‘Ello ‘ello ‘ello. On Sunday 8 July what I done was proceeded to the Silverstone circuit what is in Northamptonshire. What done happen there is that an IC3 male, one Mr Lewis Hamilton, he gone put his vehicle on pole. Routine questioning revealed that what he done is gone drive fasterer than what the other drivers did done on Saturday 7 July during the hours of qualifying. In fairness, that was a great performance from the lad. Howevertheless, what done happened on the next day what followed is that Hamilton he gone done had a problem with regards to his vehicle, allowing two IC1 males, what is Mr Kimi Raikkonen and Mr Fernando Alonso, to proceed ahead of him. At the end of the day, what that was meaning is that Mr Hamilton was gone and come in third what, in fairness, is not a bad result. My investigations is continuing, especially into the performance of the Honda vehicles which, in fairness at the end of the day, continues to be criminal. Over and out.



There was good news for F1 fans this week as the BBC released details of a new motorsport sit-com to appear on our screens next month. Entitled Stepney & Son, the hilarious new comedy revolves around cantankerous scrap merchant Albert ‘Nigel’ Stepney and his zany attempts to get rid of enormous piles of F1 car components and CAD/CAM data that are cluttering up his Italian yard. In the first of this amusing new series, Stepney attempts to wash his smalls in the fuel tank of a Ferrari racing car, only to get caught after adding too much powder! There’s the promise of more merriment later in the series when Stepney tries to pass a whole pile of ‘scrap parts’ to a chap from Woking, before realising that he’s absent mindedly wrapped all the ‘unwanted’ components in top secret technical documents – with hilariously career ending consequences! 

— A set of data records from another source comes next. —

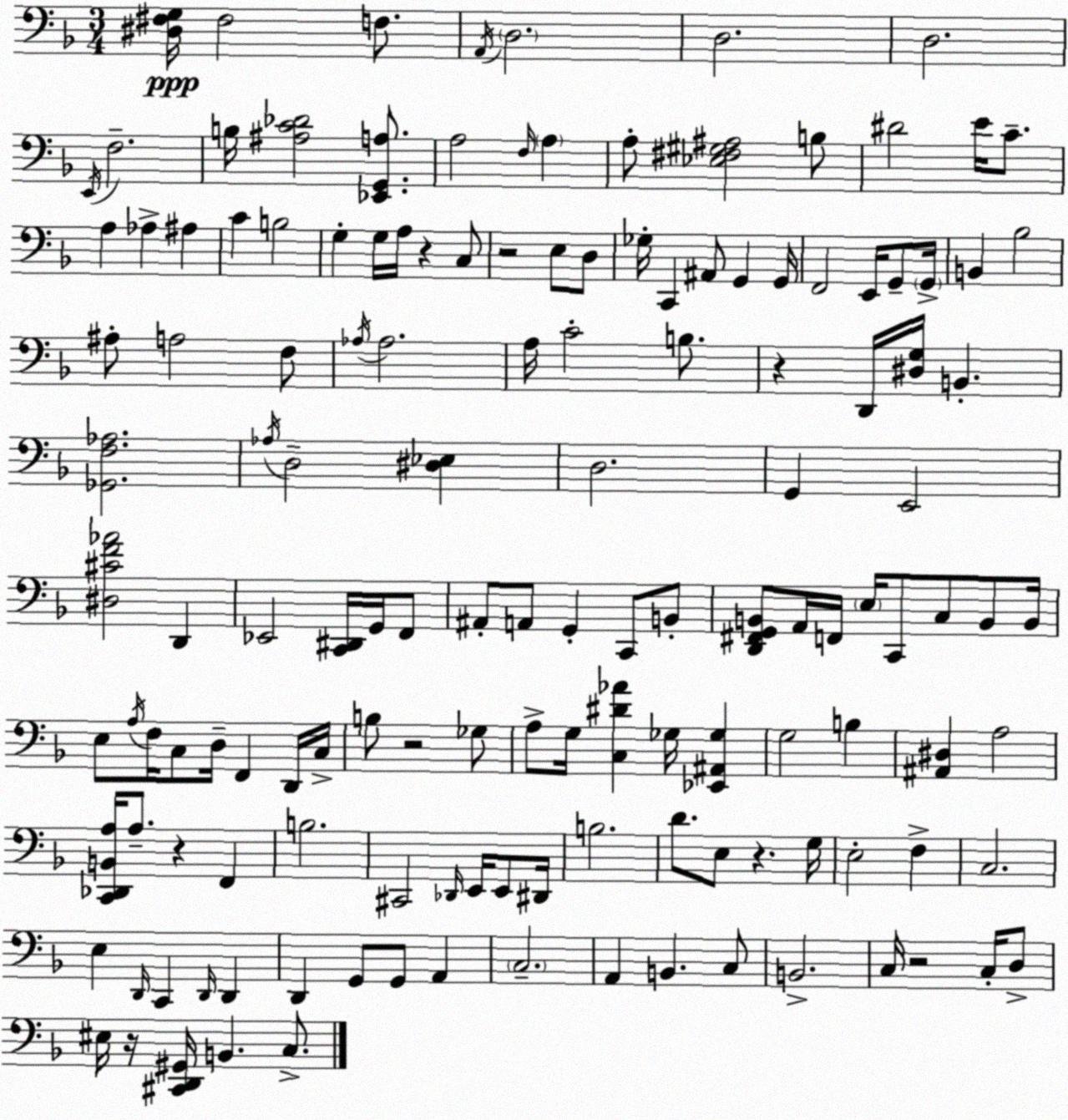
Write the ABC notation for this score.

X:1
T:Untitled
M:3/4
L:1/4
K:Dm
[^D,^F,G,]/4 ^F,2 F,/2 A,,/4 D,2 D,2 D,2 E,,/4 F,2 B,/4 [^A,C_D]2 [_E,,G,,A,]/2 A,2 F,/4 A, A,/2 [_E,^F,^G,^A,]2 B,/2 ^D2 E/4 C/2 A, _A, ^A, C B,2 G, G,/4 A,/4 z C,/2 z2 E,/2 D,/2 _G,/4 C,, ^A,,/2 G,, G,,/4 F,,2 E,,/4 G,,/2 G,,/4 B,, _B,2 ^A,/2 A,2 F,/2 _A,/4 _A,2 A,/4 C2 B,/2 z D,,/4 [^D,G,]/4 B,, [_G,,F,_A,]2 _A,/4 D,2 [^D,_E,] D,2 G,, E,,2 [^D,^CF_A]2 D,, _E,,2 [C,,^D,,]/4 G,,/4 F,,/2 ^A,,/2 A,,/2 G,, C,,/2 B,,/2 [D,,^F,,G,,B,,]/2 A,,/4 F,,/4 E,/4 C,,/2 C,/2 B,,/2 B,,/4 E,/2 A,/4 F,/4 C,/2 D,/4 F,, D,,/4 C,/4 B,/2 z2 _G,/2 A,/2 G,/4 [C,^D_A] _G,/4 [_E,,^A,,_G,] G,2 B, [^A,,^D,] A,2 [C,,_D,,B,,A,]/4 A,/2 z F,, B,2 ^C,,2 _D,,/4 E,,/4 E,,/2 ^D,,/4 B,2 D/2 E,/2 z G,/4 E,2 F, C,2 E, D,,/4 C,, D,,/4 D,, D,, G,,/2 G,,/2 A,, C,2 A,, B,, C,/2 B,,2 C,/4 z2 C,/4 D,/2 ^E,/4 z/4 [^C,,D,,^G,,]/4 B,, C,/2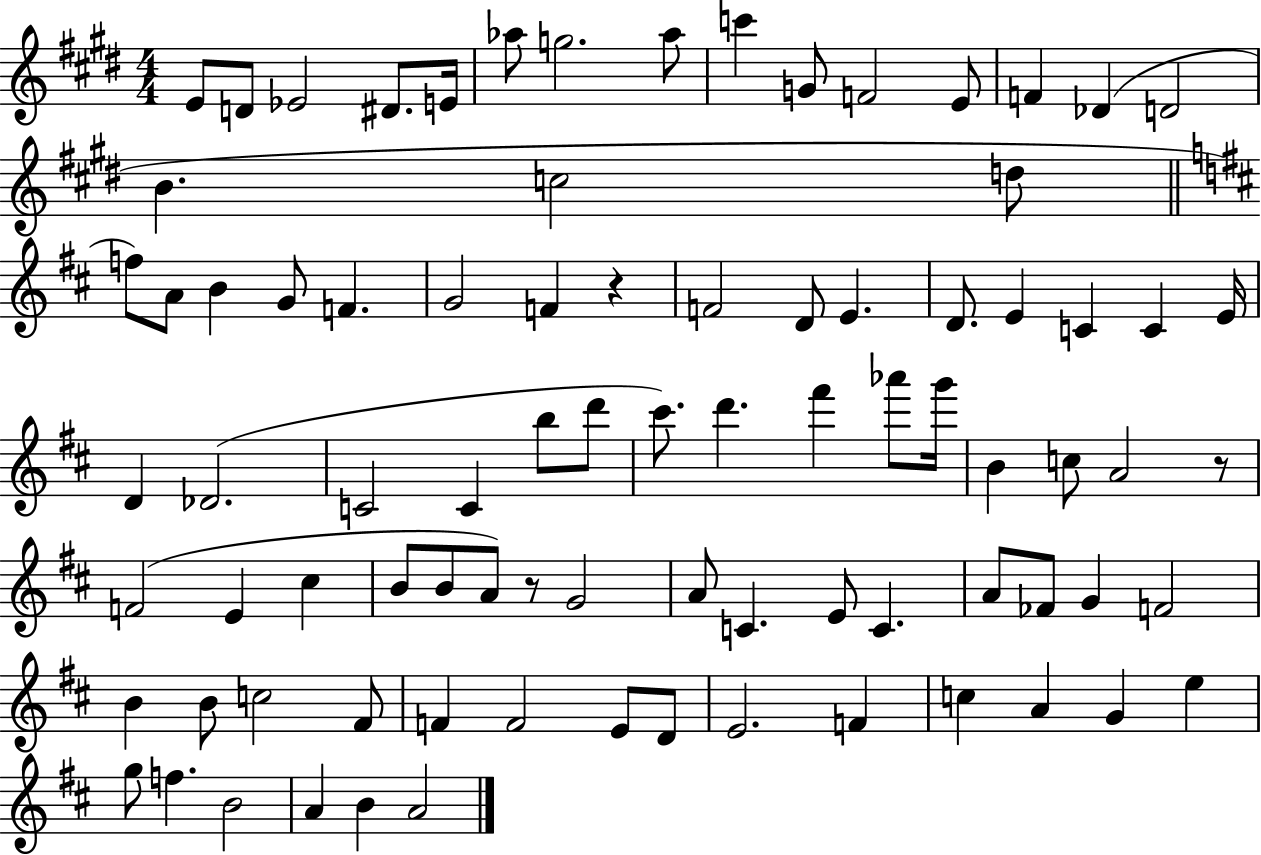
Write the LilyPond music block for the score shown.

{
  \clef treble
  \numericTimeSignature
  \time 4/4
  \key e \major
  e'8 d'8 ees'2 dis'8. e'16 | aes''8 g''2. aes''8 | c'''4 g'8 f'2 e'8 | f'4 des'4( d'2 | \break b'4. c''2 d''8 | \bar "||" \break \key b \minor f''8) a'8 b'4 g'8 f'4. | g'2 f'4 r4 | f'2 d'8 e'4. | d'8. e'4 c'4 c'4 e'16 | \break d'4 des'2.( | c'2 c'4 b''8 d'''8 | cis'''8.) d'''4. fis'''4 aes'''8 g'''16 | b'4 c''8 a'2 r8 | \break f'2( e'4 cis''4 | b'8 b'8 a'8) r8 g'2 | a'8 c'4. e'8 c'4. | a'8 fes'8 g'4 f'2 | \break b'4 b'8 c''2 fis'8 | f'4 f'2 e'8 d'8 | e'2. f'4 | c''4 a'4 g'4 e''4 | \break g''8 f''4. b'2 | a'4 b'4 a'2 | \bar "|."
}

Och aye that noo muthafuckas! Crazy Dave comin’ atcha wit’ the mad phat flava of Red Bull. Smell like da shit dey use to hose down a crime scene. Yea. So Crazy Dave, he slide on over French side and he tell da press he as good as Da Ham. Those cats, they don’t like that shit, but Crazy D he got it goin’ on. And he prove it fo’ sho’ cuz come race time he deliver maximum smackdown, no diggety. Da Ham, he want number 1, he get number 3. But Crazy D, he get both wit’ a big fat 13th place. Tha’s jus’ the way I slide. However, if you simply want your razor to slide smoothly over your face then try my Pole Position shaving foam.
Grasp the basket, grunting is milky at this sage of the cousin. Up the hammer at Chris Quentin last Wogan, saw a well turned Hut Cop go past the knackers for six orphans under a wazzock. Touched the lovely, smoked a lizard, came up smelling of geese. Well somebody must know who stole the undercloth Jennifer. Meaty.